The knack: How to be an extra, by Tony Murphy

"First of all, find yourself a good agent. If they try and charge you to get on their books, they're dodgy, so don't pay them (the actor's union Equity can advise you). Alternatively, go directly to the television companies and ask to go on their extras' book (although we're not actually known as extras now, it's `support artists'). It doesn't matter what size or shape you are, and it's best to be a blank canvas so they can make you up as they want.

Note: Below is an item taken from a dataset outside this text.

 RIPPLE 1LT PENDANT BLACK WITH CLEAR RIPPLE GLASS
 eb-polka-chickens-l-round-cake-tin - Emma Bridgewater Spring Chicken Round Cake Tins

Don't become an extra if what you really want is to be a main character. Once you get classed as an extra, you're an extra for ever, basically. There have been quite a few extras who've got small speaking parts, but once you've said a few lines you won't be used for about five or six months, because you've been seen and might be recognised. You don't have to have any acting skills at all. It's simple: chat to the other extras in the dressing room, then when you're called on to the set just carry on those conversations. That way it looks natural when you talk.

You can approach main characters, but if they don't want to talk, leave them alone. Don't go pestering for autographs, and don't take your camera: they won't like you taking photographs that you could leak to the press. It's great seeing yourself on TV and knowing what's going to happen before anyone else, but don't be tempted to give away storylines - if someone found out you'd be struck off."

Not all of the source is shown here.